[Start of Attachment]
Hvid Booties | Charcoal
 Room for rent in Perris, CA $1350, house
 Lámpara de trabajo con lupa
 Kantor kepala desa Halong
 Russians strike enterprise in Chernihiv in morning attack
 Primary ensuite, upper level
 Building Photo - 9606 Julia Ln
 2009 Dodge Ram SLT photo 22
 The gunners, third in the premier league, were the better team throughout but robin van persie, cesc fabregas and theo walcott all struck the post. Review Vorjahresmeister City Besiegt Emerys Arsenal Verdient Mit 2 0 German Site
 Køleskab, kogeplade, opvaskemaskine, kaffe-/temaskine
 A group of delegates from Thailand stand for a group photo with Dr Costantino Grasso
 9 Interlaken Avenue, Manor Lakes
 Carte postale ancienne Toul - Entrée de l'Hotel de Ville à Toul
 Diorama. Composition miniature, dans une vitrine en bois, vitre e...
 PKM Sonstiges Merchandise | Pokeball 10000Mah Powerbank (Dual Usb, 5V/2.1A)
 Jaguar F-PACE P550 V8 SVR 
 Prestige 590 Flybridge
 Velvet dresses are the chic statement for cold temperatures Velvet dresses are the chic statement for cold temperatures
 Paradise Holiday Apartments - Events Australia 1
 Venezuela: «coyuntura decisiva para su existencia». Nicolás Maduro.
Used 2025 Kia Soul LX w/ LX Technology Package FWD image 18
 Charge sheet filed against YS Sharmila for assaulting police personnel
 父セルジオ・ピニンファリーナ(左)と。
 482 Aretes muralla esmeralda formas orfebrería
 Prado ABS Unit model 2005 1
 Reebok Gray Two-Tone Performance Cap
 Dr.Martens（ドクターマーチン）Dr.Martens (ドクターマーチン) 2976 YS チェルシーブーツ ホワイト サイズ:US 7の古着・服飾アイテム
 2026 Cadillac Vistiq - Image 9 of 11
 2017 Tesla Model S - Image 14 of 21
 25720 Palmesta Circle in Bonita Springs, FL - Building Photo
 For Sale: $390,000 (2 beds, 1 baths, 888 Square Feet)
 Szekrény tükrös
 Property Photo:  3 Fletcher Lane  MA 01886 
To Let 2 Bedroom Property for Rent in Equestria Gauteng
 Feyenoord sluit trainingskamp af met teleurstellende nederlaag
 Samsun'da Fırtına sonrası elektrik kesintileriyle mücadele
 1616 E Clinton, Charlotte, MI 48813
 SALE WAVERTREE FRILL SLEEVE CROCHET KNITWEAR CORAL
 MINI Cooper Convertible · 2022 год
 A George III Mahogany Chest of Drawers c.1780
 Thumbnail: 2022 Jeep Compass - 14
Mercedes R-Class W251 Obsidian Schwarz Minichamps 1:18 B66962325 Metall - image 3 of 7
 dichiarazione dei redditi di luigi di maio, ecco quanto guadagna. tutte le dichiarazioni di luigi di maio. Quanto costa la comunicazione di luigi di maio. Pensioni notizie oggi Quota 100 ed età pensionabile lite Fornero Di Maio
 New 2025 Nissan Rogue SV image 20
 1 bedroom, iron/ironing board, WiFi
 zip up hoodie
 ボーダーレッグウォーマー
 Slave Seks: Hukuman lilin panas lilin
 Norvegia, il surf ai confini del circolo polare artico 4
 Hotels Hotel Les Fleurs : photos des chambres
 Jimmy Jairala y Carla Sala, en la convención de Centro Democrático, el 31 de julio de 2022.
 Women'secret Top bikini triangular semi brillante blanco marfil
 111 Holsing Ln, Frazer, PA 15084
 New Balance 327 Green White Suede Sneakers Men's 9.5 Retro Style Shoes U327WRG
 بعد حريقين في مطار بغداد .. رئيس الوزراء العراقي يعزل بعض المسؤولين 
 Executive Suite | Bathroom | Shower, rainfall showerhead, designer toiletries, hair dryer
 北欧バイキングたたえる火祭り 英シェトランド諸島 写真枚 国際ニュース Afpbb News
[End of Attachment]
● ASSIGNED TASK:
What you give back should be exactly the lines of the data above from the line with "PKM Sonstiges Merchandise" through the line with "25720 Palmesta Circle", both of those included, and nothing more.

● SOLUTION TO THE EXERCISE:
 PKM Sonstiges Merchandise | Pokeball 10000Mah Powerbank (Dual Usb, 5V/2.1A)
 Jaguar F-PACE P550 V8 SVR 
 Prestige 590 Flybridge
 Velvet dresses are the chic statement for cold temperatures Velvet dresses are the chic statement for cold temperatures
 Paradise Holiday Apartments - Events Australia 1
 Venezuela: «coyuntura decisiva para su existencia». Nicolás Maduro.
Used 2025 Kia Soul LX w/ LX Technology Package FWD image 18
 Charge sheet filed against YS Sharmila for assaulting police personnel
 父セルジオ・ピニンファリーナ(左)と。
 482 Aretes muralla esmeralda formas orfebrería
 Prado ABS Unit model 2005 1
 Reebok Gray Two-Tone Performance Cap
 Dr.Martens（ドクターマーチン）Dr.Martens (ドクターマーチン) 2976 YS チェルシーブーツ ホワイト サイズ:US 7の古着・服飾アイテム
 2026 Cadillac Vistiq - Image 9 of 11
 2017 Tesla Model S - Image 14 of 21
 25720 Palmesta Circle in Bonita Springs, FL - Building Photo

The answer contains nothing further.